Gli attuali sostenitori dell’ideologia liberale sembrano mostrare un atteggiamento sorprendente di indifferenza nei confronti di ciò che appare come una sorta di “dossieraggio” nei confronti dei magistrati, utilizzato dal vicepremier Matteo Salvini per scrutare le loro opinioni e forse persino i loro gusti nella moda, simile a quanto accadeva durante l’era di Berlusconi.
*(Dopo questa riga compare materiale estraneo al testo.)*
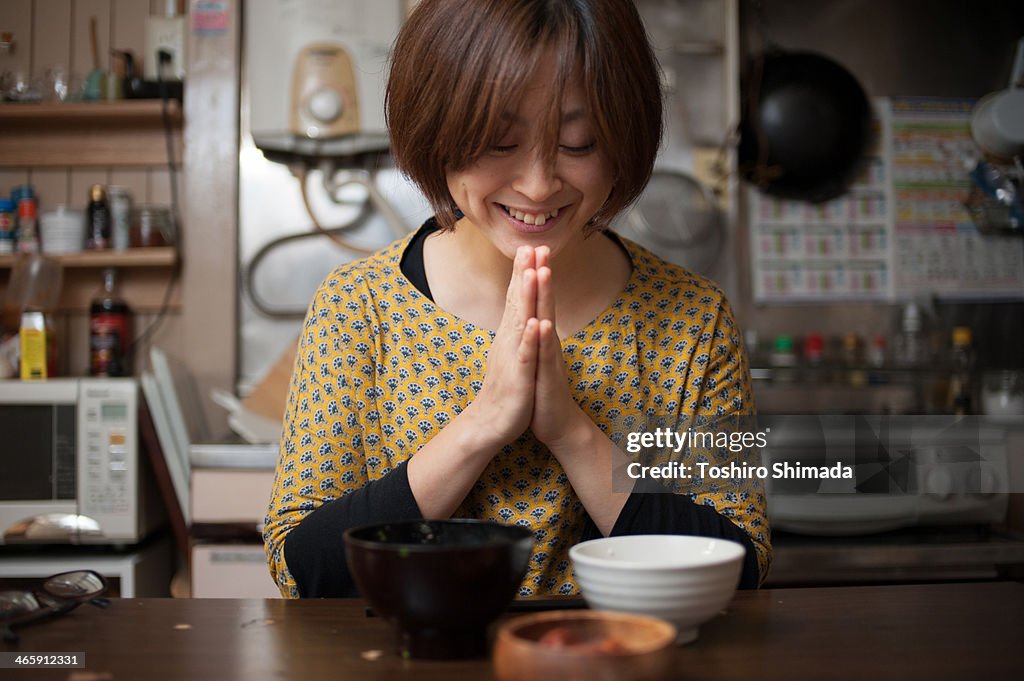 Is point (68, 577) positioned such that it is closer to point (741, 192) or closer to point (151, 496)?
point (151, 496)

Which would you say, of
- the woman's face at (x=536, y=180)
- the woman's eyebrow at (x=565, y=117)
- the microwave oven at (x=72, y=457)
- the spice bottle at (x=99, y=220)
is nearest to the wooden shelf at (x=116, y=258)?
the spice bottle at (x=99, y=220)

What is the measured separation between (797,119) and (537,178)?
6.21 ft

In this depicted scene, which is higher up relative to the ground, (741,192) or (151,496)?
(741,192)

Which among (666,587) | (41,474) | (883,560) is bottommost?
(883,560)

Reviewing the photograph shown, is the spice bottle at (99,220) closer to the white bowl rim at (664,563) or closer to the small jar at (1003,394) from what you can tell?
the white bowl rim at (664,563)

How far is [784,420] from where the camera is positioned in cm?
245

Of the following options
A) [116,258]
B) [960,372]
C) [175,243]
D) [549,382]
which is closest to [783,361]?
[960,372]

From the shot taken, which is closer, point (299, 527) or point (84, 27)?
point (299, 527)

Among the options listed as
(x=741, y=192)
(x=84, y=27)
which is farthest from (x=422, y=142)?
(x=84, y=27)

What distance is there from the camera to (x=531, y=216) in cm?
100

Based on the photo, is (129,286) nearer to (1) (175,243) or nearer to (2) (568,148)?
(1) (175,243)

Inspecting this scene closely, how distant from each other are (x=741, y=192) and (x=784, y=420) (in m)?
0.70

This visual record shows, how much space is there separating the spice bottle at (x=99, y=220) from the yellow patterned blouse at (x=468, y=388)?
170cm

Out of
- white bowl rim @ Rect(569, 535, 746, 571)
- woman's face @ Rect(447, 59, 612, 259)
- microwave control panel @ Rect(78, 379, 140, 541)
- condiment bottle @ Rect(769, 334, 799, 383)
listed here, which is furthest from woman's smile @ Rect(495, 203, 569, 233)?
condiment bottle @ Rect(769, 334, 799, 383) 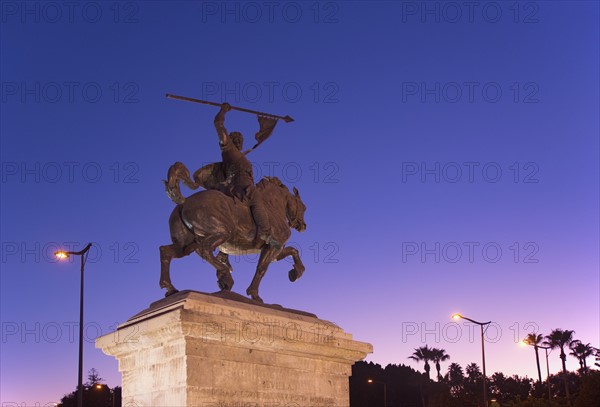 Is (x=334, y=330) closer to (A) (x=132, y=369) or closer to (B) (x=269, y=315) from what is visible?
(B) (x=269, y=315)

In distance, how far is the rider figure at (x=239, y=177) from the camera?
1062 cm

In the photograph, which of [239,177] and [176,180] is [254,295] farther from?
[176,180]

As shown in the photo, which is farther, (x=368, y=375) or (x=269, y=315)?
(x=368, y=375)

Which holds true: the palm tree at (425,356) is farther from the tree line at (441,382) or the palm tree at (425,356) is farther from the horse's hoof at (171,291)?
the horse's hoof at (171,291)

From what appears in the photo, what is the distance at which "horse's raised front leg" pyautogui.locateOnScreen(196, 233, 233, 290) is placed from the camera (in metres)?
9.97

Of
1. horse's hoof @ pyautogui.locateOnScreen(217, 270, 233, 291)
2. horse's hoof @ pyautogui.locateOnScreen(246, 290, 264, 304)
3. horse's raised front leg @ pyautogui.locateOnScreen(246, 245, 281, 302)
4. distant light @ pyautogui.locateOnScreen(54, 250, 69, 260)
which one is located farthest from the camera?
distant light @ pyautogui.locateOnScreen(54, 250, 69, 260)

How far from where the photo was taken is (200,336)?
872 centimetres

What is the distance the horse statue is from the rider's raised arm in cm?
70

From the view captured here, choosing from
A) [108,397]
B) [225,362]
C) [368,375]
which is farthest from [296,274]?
[368,375]

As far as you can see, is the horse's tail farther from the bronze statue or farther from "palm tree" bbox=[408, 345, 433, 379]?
"palm tree" bbox=[408, 345, 433, 379]

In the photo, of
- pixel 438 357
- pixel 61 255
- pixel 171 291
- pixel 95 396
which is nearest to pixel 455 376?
pixel 438 357

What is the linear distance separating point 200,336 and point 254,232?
7.42 ft

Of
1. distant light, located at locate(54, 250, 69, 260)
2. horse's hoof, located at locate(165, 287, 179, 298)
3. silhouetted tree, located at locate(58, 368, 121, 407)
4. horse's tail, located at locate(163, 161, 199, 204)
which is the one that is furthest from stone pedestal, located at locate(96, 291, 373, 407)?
silhouetted tree, located at locate(58, 368, 121, 407)

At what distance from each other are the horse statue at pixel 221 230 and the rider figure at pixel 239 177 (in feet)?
0.32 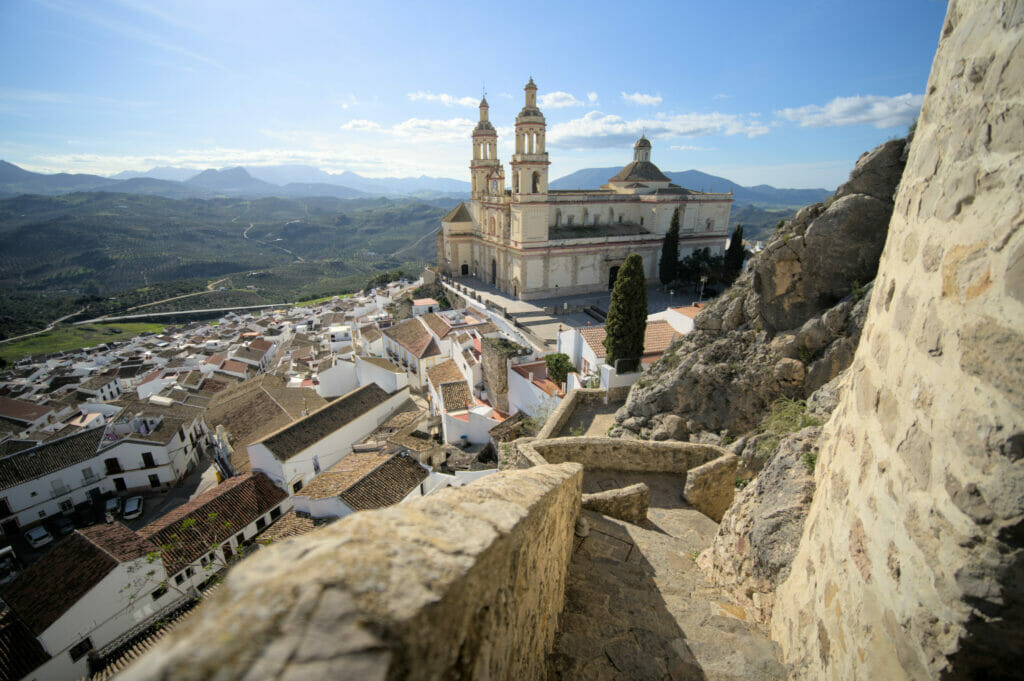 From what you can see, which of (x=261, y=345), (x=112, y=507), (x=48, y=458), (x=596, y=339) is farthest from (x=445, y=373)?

Allo stesso tempo, sembrano sentirsi minacciati solo dalle toghe “politicizzate”, ma solamente se queste sono “rosse”.
D’altra parte, ci sono i liberali d’un tempo, come Piero Calamandrei, che mettevano in guardia sull’influenza del clima politico sulle decisioni dei giudici e sulla loro indipendenza, soprattutto quando si diffondono liste di proscrizione contro i magistrati sospettati di simpatie comuniste. Calamandrei sottolineava che quando si respira un clima di disfattismo costituzionale, diventa più difficile per i giudici assumere il compito faticoso e spesso pericoloso di difendere la Costituzione dagli abusi del governo.
Gli attuali sostenitori del liberalismo sembrano considerare il tweet della presidente del Consiglio Meloni come un semplice “commento”, nel quale lei non si limita a dichiarare di essere “sorpresa dalla sentenza del giudice di Catania”, ma usa toni da dichiarazione di guerra sostenendo che questa decisione si oppone ai provvedimenti di un governo democraticamente eletto e annunciando che continueranno a difendere la legalità e i confini dello stato italiano senza paura. D’altra parte, i liberali del passato denunciavano il pericolo del “conformismo giudiziario, dell’indifferenza burocratica e dell’irresponsabilità anonima” dei giudici, spiegando che una sentenza non è il risultato di un calcolo matematico, ma la conclusione di una scelta morale, e sottolineavano che i giudici devono essere indipendenti e guidati solo dalla loro coscienza.
La differenza tra i liberali di ieri e di oggi sembra abissale e non più un baluardo politico e culturale contro l’ingerenza del governo di destra nei confronti dei giudici e degli organi di controllo in generale. Non è necessario avere squadre armate per essere preoccupati; quanto accaduto finora è sufficiente, con schedature di giudici e di altri non allineati alla cultura di destra che ricompaiono periodicamente. Questo è già successo a molti colleghi, e se questa tendenza di accondiscendenza verso la cultura illiberale continuerà, succederà ancora. La parola d’ordine sembra essere minimizzare la reazione del governo o addirittura accusare i giudici di fare politica, un’accusa vuota e dannosa che non contribuisce a una necessaria riflessione critica sugli eventi di quegli anni, ma solo a confondere i cittadini e a minare gradualmente la democrazia nel disinteresse generale.
Questa distanza è evidente anche rispetto a quanto accadeva nelle piazze d’Israele, dove la popolazione ha protestato per mesi contro la riforma della giustizia del governo Netanyahu e a favore della Corte suprema. Al contrario, non abbiamo visto proteste simili in Polonia e Ungheria, due paesi alleati della destra italiana, dove i governi “democraticamente eletti”, come li definisce Meloni, hanno eroso il principio dello stato di diritto, attaccando i giudici e minando la loro indipendenza.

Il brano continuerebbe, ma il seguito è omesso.